*DESCRIPTION OF THE TASK*
Reproduce exactly the line that contains "MONCLER - 新品未使用☆MONCLER ストライプライン トラック MONCLER" and every line after it through the end of the records below, leaving out all pictures.

──────

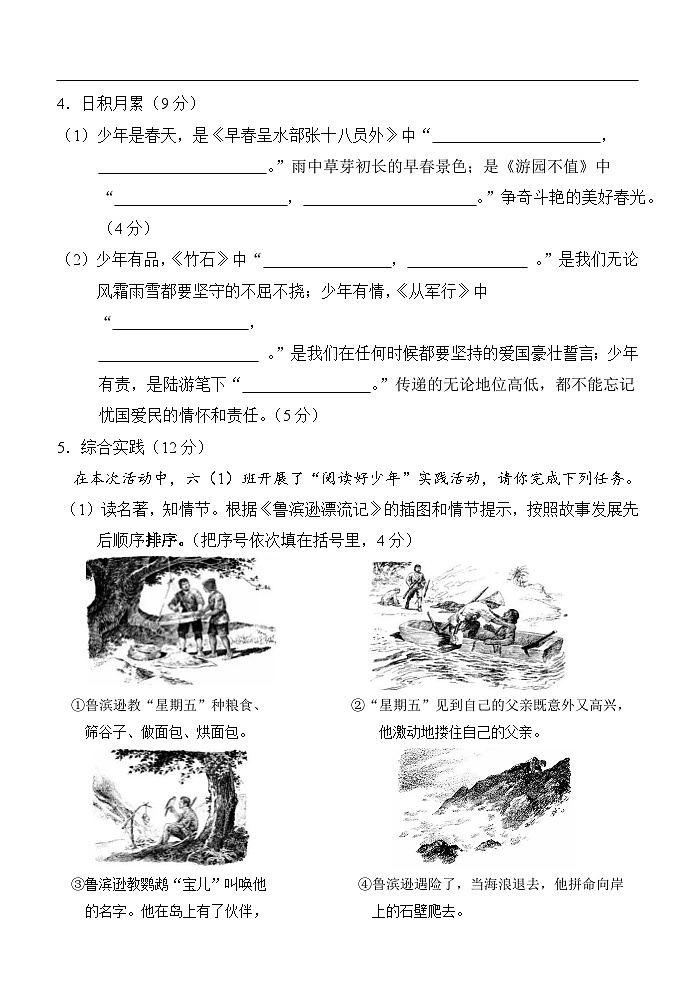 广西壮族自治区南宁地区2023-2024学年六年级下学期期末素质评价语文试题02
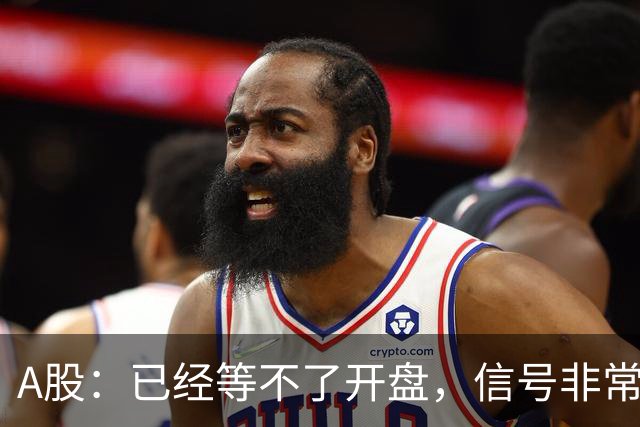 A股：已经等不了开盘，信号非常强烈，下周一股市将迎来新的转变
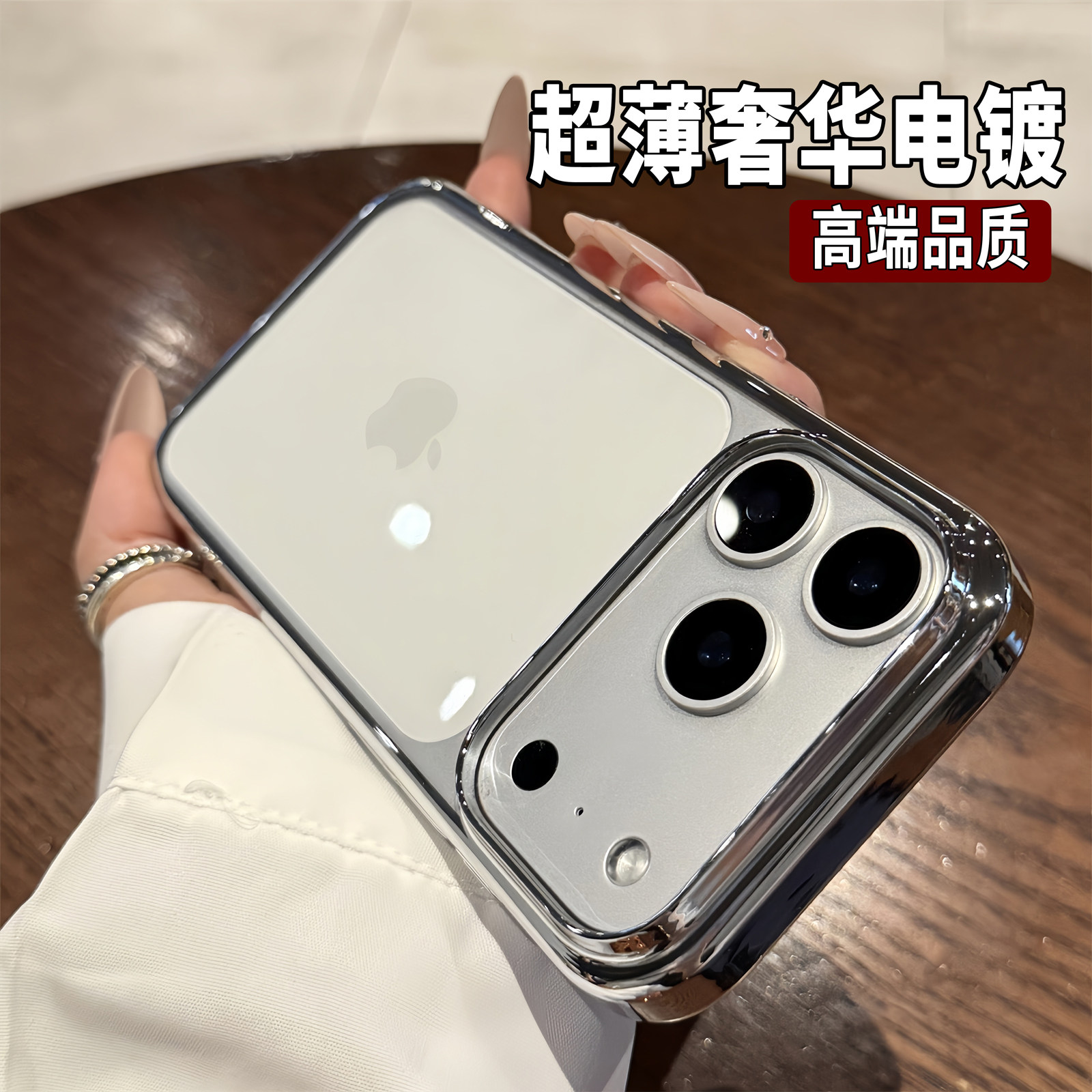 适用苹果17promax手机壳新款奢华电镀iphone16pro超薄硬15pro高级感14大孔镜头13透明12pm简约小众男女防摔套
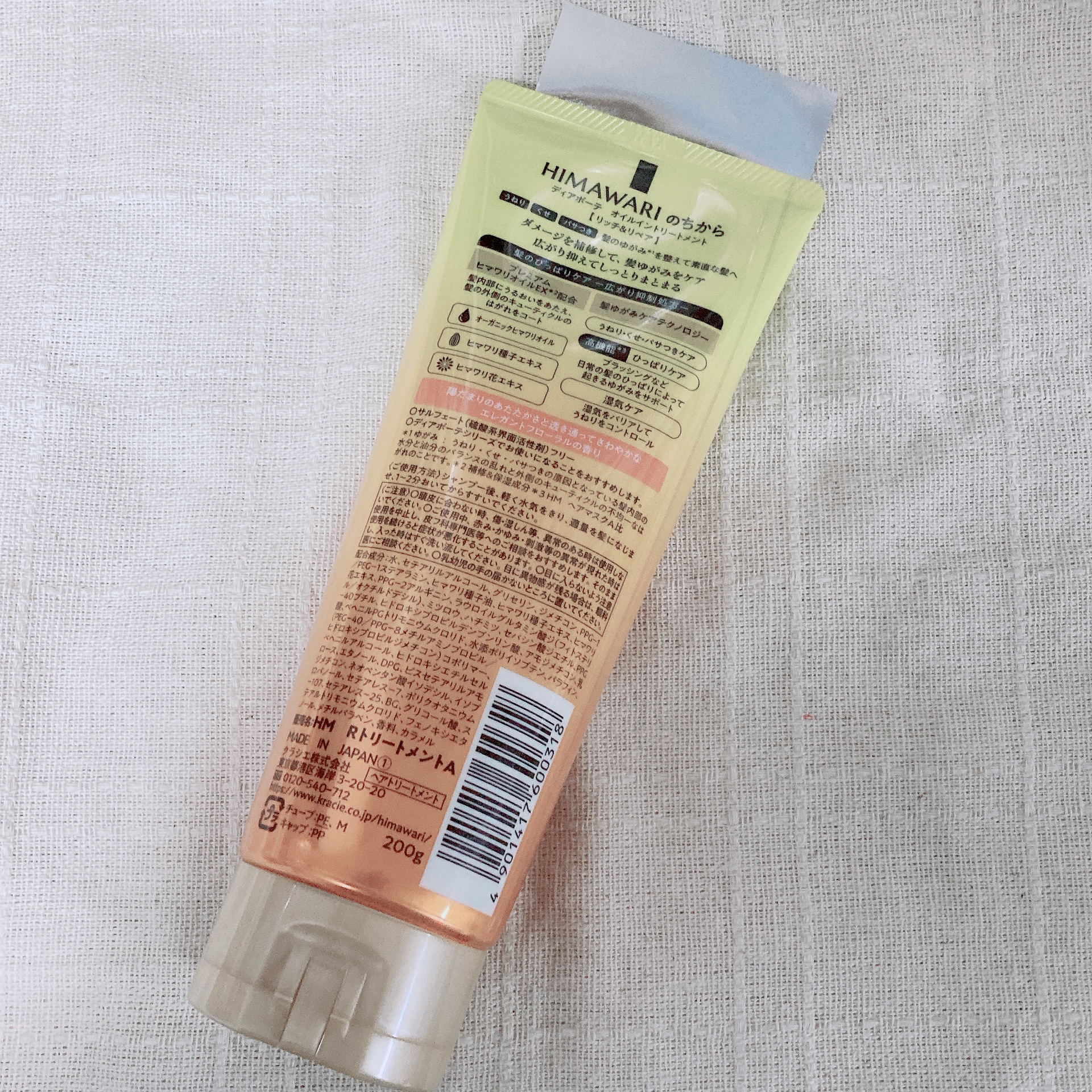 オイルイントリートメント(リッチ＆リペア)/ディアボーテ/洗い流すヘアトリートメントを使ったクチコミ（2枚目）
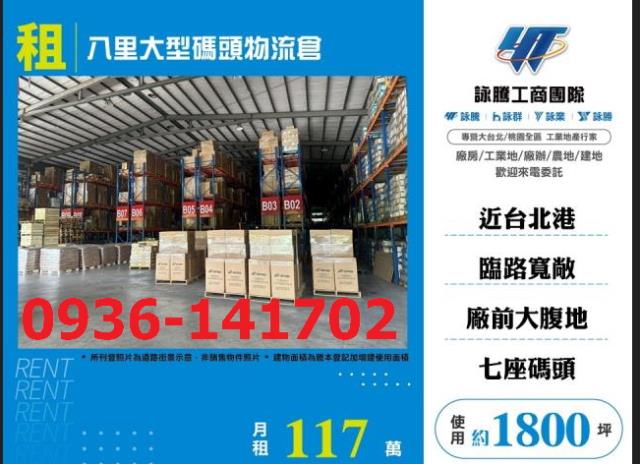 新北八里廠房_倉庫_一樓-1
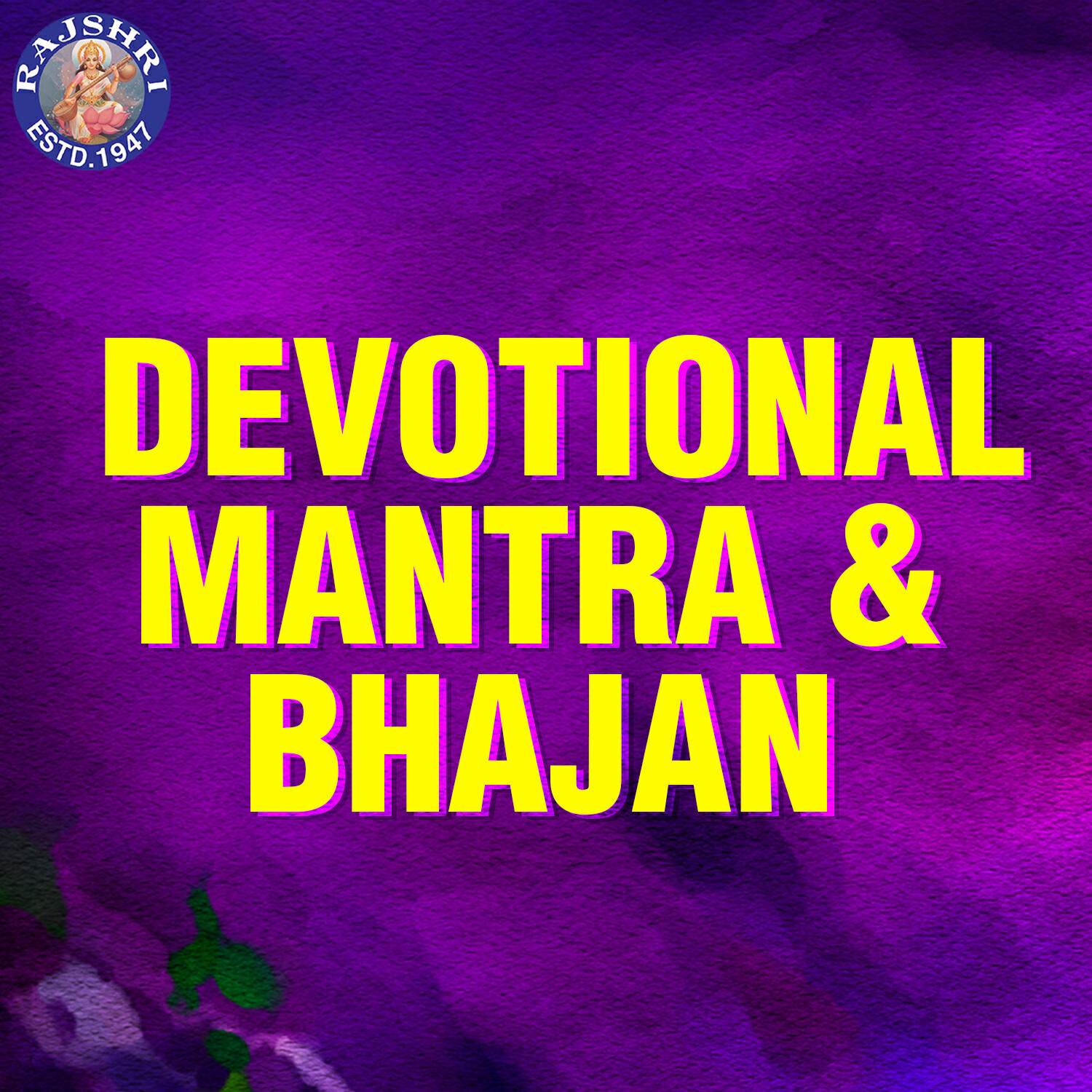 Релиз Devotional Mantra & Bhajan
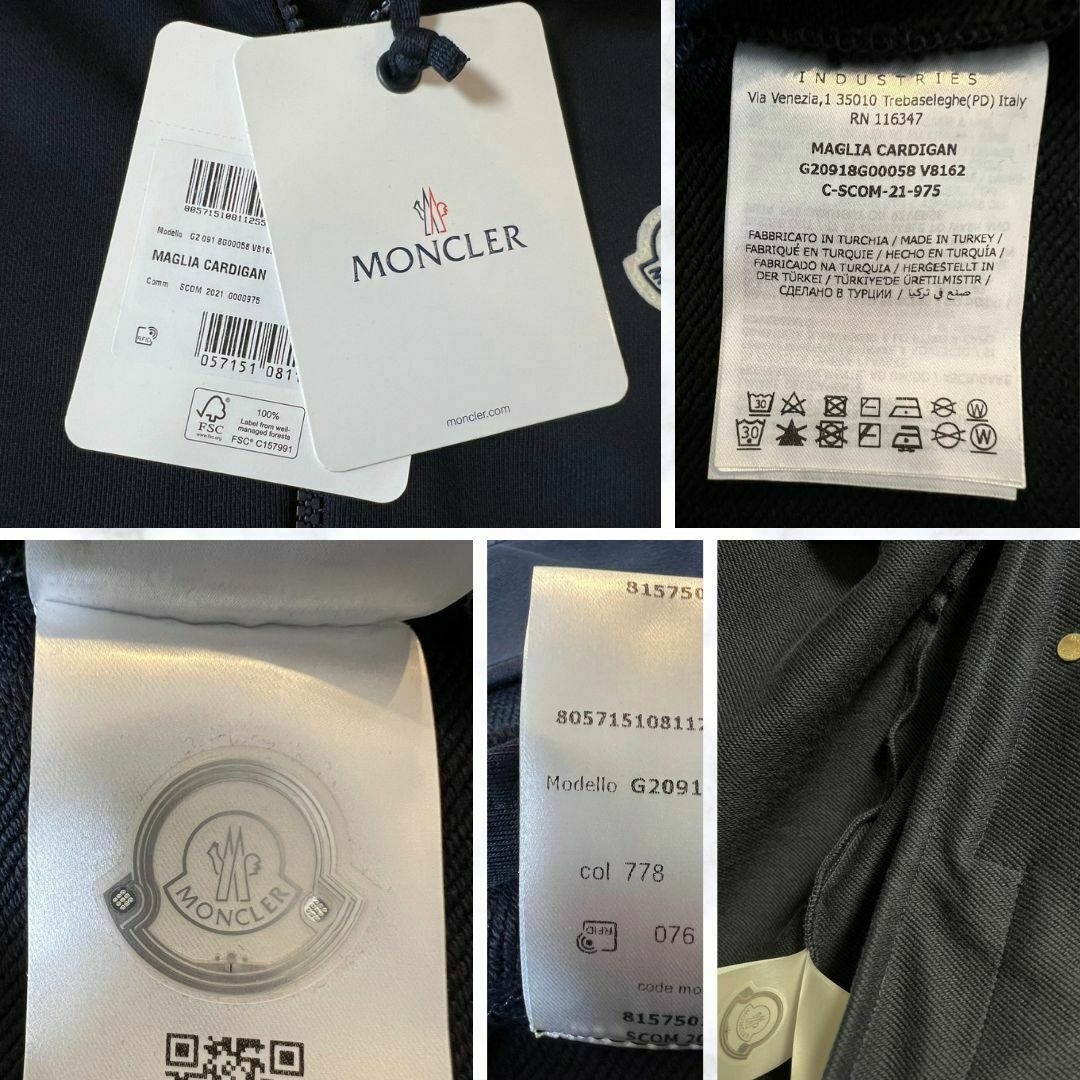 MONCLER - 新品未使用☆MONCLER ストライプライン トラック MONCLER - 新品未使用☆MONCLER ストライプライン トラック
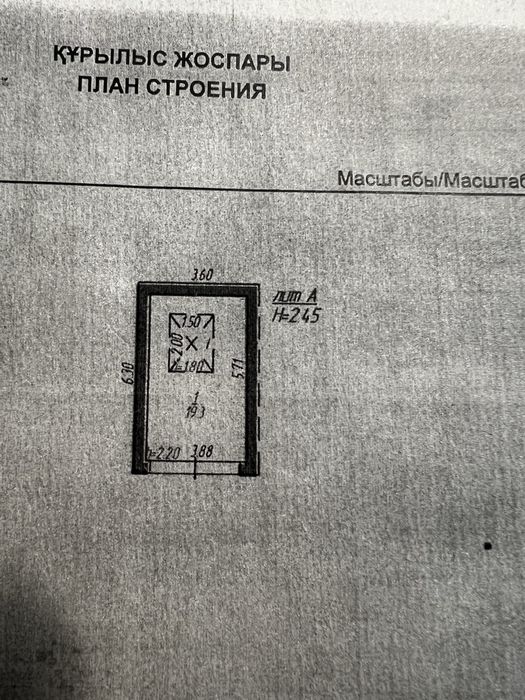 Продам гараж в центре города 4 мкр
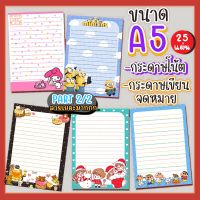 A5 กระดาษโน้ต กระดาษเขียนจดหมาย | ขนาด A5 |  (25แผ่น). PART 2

──────

*SOLUTION*
 MONCLER - 新品未使用☆MONCLER ストライプライン トラック MONCLER - 新品未使用☆MONCLER ストライプライン トラック
 Продам гараж в центре города 4 мкр
 A5 กระดาษโน้ต กระดาษเขียนจดหมาย | ขนาด A5 |  (25แผ่น). PART 2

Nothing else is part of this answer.